In practice, you should:
- Implement search and fetch input schemas exactly to the MCP schema. Company knowledge compatibility checks the input parameters only.
- Mark other read-only tools with
readOnlyHint: trueso ChatGPT can safely call them.
To opt in, implement search and fetch using the MCP schema and return canonical url values for citations. For eligibility, admin enablement, and availability details, see Company knowledge in ChatGPT and the MCP tool schema in Building MCP servers.
While compatibility checks focus on the input schema, you should still return the recommended result shapes for search and fetch so ChatGPT can cite sources reliably. The text fields are JSON-encoded strings in your tool response.
Search result shape (tool payload before MCP wrapping):
{
"results": [
{
"id": "doc-1",
"title": "Human-readable title",
"url": "https://example.com"
}
]
}
Fields:
results- array of search results.results[].id- unique ID for the document or item.results[].title- human-readable title.results[].url- canonical URL for citation.
In MCP, the tool response wraps this JSON inside a content array. For search, return exactly one content item with type: "text" and text set to the JSON string above:
Search tool response wrapper (MCP content array):
{
"content": [
{
"type": "text",
"text": "{\"results\":[{\"id\":\"doc-1\",\"title\":\"Human-readable title\",\"url\":\"https://example.com\"}]}"
}
]
}
Fetch result shape (tool payload before MCP wrapping):
{
"id": "doc-1",
"title": "Human-readable title",
"text": "Full text of the document",
"url": "https://example.com",
"metadata": { "source": "optional key/value pairs" }
}
Fields:
id- unique ID for the document or item.title- human-readable title.text- full text of the document or item.url- canonical URL for citation.metadata- optional key/value pairs about the result.
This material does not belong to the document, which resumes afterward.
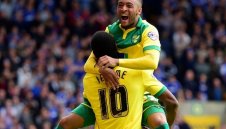 Смях! Играч на Норич си тръгна преди мач, не му харесало, че е резерва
For fetch, wrap the document JSON the same way:
Fetch tool response wrapper (MCP content array):
{
"content": [
{
"type": "text",
"text": "{\"id\":\"doc-1\",\"title\":\"Human-readable title\",\"text\":\"Full text of the document\",\"url\":\"https://example.com\",\"metadata\":{\"source\":\"optional key/value pairs\"}}"
}
]
}
Here is a minimal TypeScript example showing the search and fetch tools:
import { McpServer } from "@modelcontextprotocol/sdk/server/mcp.js";
import { z } from "zod";
const server = new McpServer({ name: "acme-knowledge", version: "1.0.0" });
server.registerTool(
"search",
{
title: "Search knowledge",
inputSchema: { query: z.string() },
annotations: { readOnlyHint: true },
},
async ({ query }) => ({
content: [
{
type: "text",
text: JSON.stringify({
results: [
{ id: "doc-1", title: "Overview", url: "https://example.com" },
],
}),
},
],
})
);
server.registerTool(
"fetch",
{
title: "Fetch document",
inputSchema: { id: z.string() },
annotations: { readOnlyHint: true },
},
async ({ id }) => ({
content: [
{
type: "text",
text: JSON.stringify({
id,
title: "Overview",
text: "Full text...",
url: "https://example.com",
metadata: { source: "acme" },
}),
},
],
})
);
Security reminders
- Treat
structuredContent,content,_meta, and widget state as user-visible—never embed API keys, tokens, or secrets. - Do not rely on
_meta["openai/userAgent"],_meta["openai/locale"], or other hints for authorization; enforce auth inside your MCP server and backing APIs. - Avoid exposing admin-only or destructive tools unless the server verifies the caller’s identity and intent.